Data section:
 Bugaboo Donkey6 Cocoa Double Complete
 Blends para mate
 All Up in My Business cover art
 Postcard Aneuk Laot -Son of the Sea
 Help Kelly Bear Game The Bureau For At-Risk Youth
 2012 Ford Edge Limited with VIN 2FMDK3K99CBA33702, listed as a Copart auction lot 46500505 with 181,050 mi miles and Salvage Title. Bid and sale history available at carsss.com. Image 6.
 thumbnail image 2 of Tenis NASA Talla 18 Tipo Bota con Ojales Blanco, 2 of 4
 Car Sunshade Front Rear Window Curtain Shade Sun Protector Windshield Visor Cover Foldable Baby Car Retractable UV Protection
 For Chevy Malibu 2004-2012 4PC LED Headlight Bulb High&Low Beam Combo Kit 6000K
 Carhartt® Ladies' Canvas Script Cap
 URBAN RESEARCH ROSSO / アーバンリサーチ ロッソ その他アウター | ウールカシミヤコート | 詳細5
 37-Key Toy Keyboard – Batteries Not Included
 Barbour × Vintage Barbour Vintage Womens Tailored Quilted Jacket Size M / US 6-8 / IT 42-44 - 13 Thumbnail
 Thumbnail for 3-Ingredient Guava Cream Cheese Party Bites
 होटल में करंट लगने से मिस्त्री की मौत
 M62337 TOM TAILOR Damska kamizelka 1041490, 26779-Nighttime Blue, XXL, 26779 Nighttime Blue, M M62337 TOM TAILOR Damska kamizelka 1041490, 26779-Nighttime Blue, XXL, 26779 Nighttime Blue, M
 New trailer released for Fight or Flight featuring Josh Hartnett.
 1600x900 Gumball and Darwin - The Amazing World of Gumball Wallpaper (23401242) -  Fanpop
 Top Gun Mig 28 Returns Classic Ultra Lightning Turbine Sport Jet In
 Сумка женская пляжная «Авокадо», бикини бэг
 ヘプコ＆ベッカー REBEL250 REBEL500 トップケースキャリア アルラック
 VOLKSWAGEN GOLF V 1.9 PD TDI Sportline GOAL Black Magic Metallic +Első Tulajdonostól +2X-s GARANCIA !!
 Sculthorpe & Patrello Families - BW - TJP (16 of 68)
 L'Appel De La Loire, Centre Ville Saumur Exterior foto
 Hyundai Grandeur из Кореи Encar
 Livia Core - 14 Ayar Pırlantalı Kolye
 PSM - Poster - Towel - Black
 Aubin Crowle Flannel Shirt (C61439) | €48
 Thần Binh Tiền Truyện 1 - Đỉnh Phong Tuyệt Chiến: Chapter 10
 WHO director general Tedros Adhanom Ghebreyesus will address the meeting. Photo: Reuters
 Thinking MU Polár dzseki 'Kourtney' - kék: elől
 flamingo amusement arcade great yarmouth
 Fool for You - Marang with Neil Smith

Prompt: The lines needed are the ones from the first line of the entries through the line that contains "Help Kelly Bear", given again without any change.

Output of the exercise:
 Bugaboo Donkey6 Cocoa Double Complete
 Blends para mate
 All Up in My Business cover art
 Postcard Aneuk Laot -Son of the Sea
 Help Kelly Bear Game The Bureau For At-Risk Youth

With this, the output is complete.